Entre deux

In between #6 (left) #8 (right)

14 éditions numériques enregistrées au format SVG dans la blockchain Tezos, 2026.

Évènements

Cette série orchestre la rencontre de deux espaces computationnels aux logiques distinctes. Le premier, bidimensionnel, gouverne le déplacement de particules soumises à des attracteurs étranges — des équations mathématiques qui produisent des trajectoires à la fois chaotiques et prévisibles.

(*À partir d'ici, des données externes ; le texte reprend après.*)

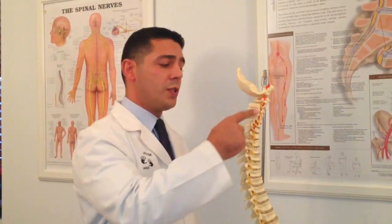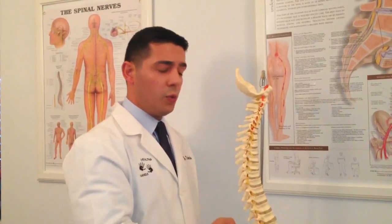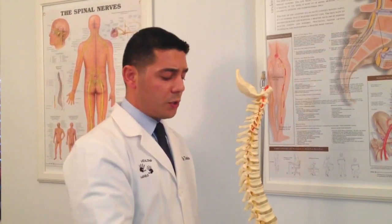It's made up of 5 regions. The cervical region, which consists of 7 vertebrae that are articulating. The thoracic region, which consists of 12 vertebrae, which are also articulating. The lumbar region, which consists of 5 vertebrae, which are articulating.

Le second, tridimensionnel, calcule une topographie invisible à partir de laquelle émergent des volumes géométriques. Les particules dérivent librement dans le plan jusqu’à rencontrer ces volumes ; elles suivent alors leurs surfaces, comme si un relief fantôme venait structurer leur mouvement.

Ce dispositif matérialise un pluralisme ontologique : deux façons radicalement différentes de modéliser l’espace coexistent sans jamais se fondre. D’un côté, l’imprévisibilité déterministe des systèmes dynamiques, où de petites variations initiales produisent des trajectoires divergentes. De l’autre, la géométrie euclidienne, cet espace organisé en volumes parfaitement définis. Leur interaction n’est ni fusion ni compromis, mais collision : chaque système opère selon sa propre logique jusqu’au point de contact, où leur incompatibilité devient visible.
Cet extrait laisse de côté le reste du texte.